The news release came in late Wednesday afternoon, announcing that a man from Glen Ellyn had won a $1 million lottery drawing. As a veteran news editor, I knew exactly what to do with the information: I immediately met my quota as a regular contributor to our Saturday Soapbox feature with this heartwarming entry:

Charitable giving:

Sure, we all dream of lavish vacations, new homes, new toys we’d get if we won the lottery. Glen Ellyn resident Ron Yurcus lived the dream this week when he won a $1 million Powerball drawing. But it wasn’t all about him. Yurcus and his wife routinely give their time to various charities. Now, he says, “we can donate financially as well.” Very nice.

One little detail escaped me in all the excitement: I forgot to assign someone to do a news story on our lottery winner, who had set the winning ticket aside and didn’t check it until three months later. The good news, as is often the case around here, is someone on a night shift noticed the news release that evening and fashioned a story for Thursday’s editions. Another career disaster averted.

At the next morning’s news meeting, several editors were talking about the lottery winner (“What are people talking about today?” is our mantra), and even though we had a short story in that day’s paper, they were thirsting for more. I admitted my news oversight and promised to make amends with a boffo story for the next day’s paper. The result was Chris Placek’s Page 1 piece in Friday’s paper.

Seems to me these little mental lapses and acts of forgetfulness used to be laughed off by people in my age group (I’m a boomer, in case you haven’t guessed) as “senior moments,” as if to write off such gaffes as something other people did. Funny thing, I don’t hear my contemporaries ascribing these to senior moments anymore. Couple reasons for that, I suspect. First of all, we are seniors by many different benchmarks (AARP was the first to target us as seniors at age 50. Sheesh, what an insult). My golf buddies and I qualify more frequently these days for the senior rate, which seems to bounce between 55 and 65. Just the other day, three members of our foursome were paying that reduced rate, and my friend indignantly pointed out to the guy that ... he forgot to card us!

Where was I?

Oh, yes. Absent-mindedness. This seemed like the perfect column to solicit similar amusing anecdotes from my peers in what we call the Tuesday Morning Group. This is a group of editors who assemble on, uh, Tuesday mornings to discuss the burning issues at the Daily Herald. So I sent them a note late Thursday asking for some pithy examples of their work-related senior moments, and how, best of all, someone here had their backs. In a stunning development, no one replied. Perfectly understandable, I thought Friday morning; they’re boomers, too, a lot on their plates, my timing was lousy. So I sent a reminder note. Two replies: one from an editor who forgot to show up for work on non-normal work day and one from another editor showing up for a Tuesday Morning Group meeting on a day he wasn’t required to do so.
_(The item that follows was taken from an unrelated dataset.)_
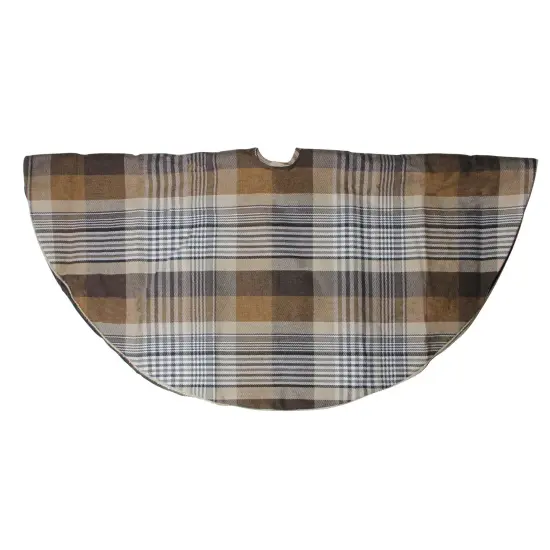 Northlight 48" Brown Plaid Rustic Woodland Christmas Tree Skirt with Gold Trim {3}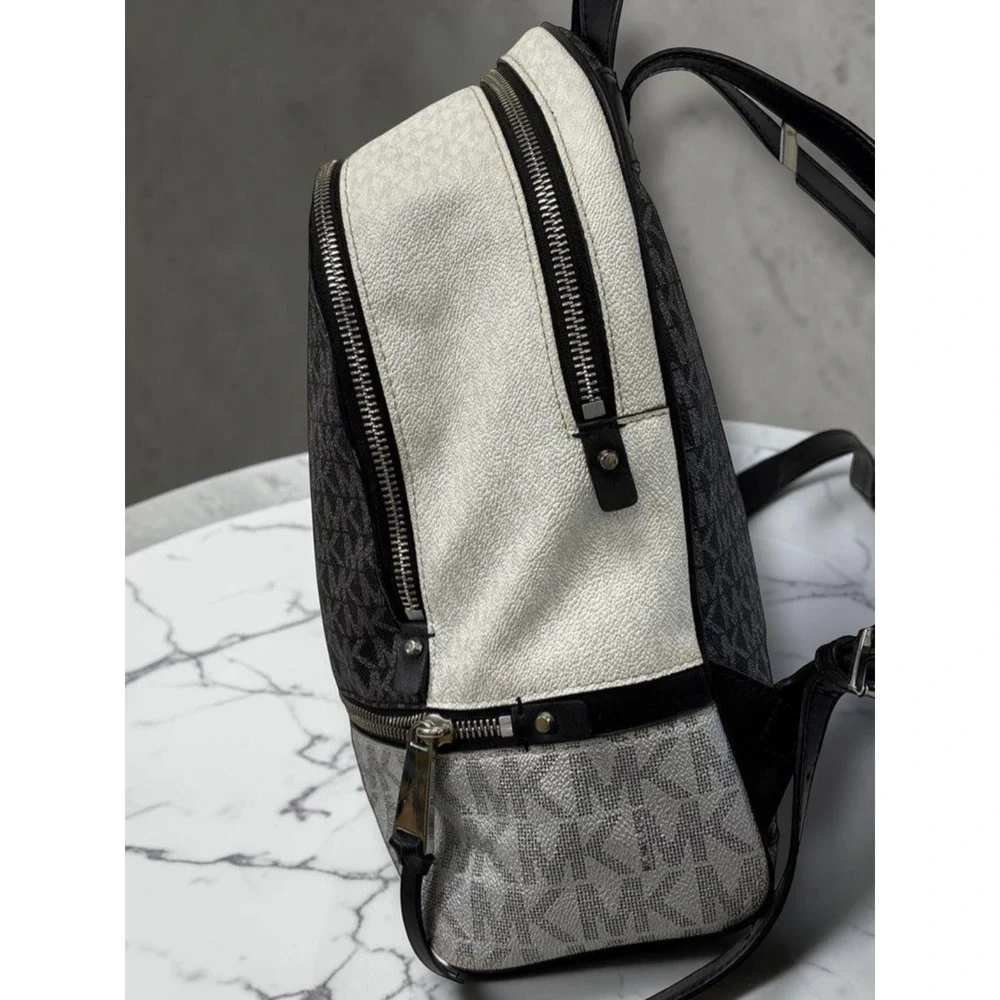Michael Kors Rhea Medium Metallic MK Logo Backpack Silver Tone Zip Bag EUC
I lamented the lack of terrific material to another editor, suggesting that my concept was “a little too obscure. Or too personal. Or everyone’s busy. Or they don’t like me.”

“Or,” he replied, “they fear they’d be fired if their boss knew the stupid things they’ve had to scramble to make good because of their forgetfulness.”

Kidding aside, we really do have each others’ backs when the chips are down. On this column alone, I could cite scores of instances during the editing process in which my peers haven given helpful advice or caught typos.

Or someone suggests we do a story on a local man who almost forgot to check a million-dollar lottery ticket.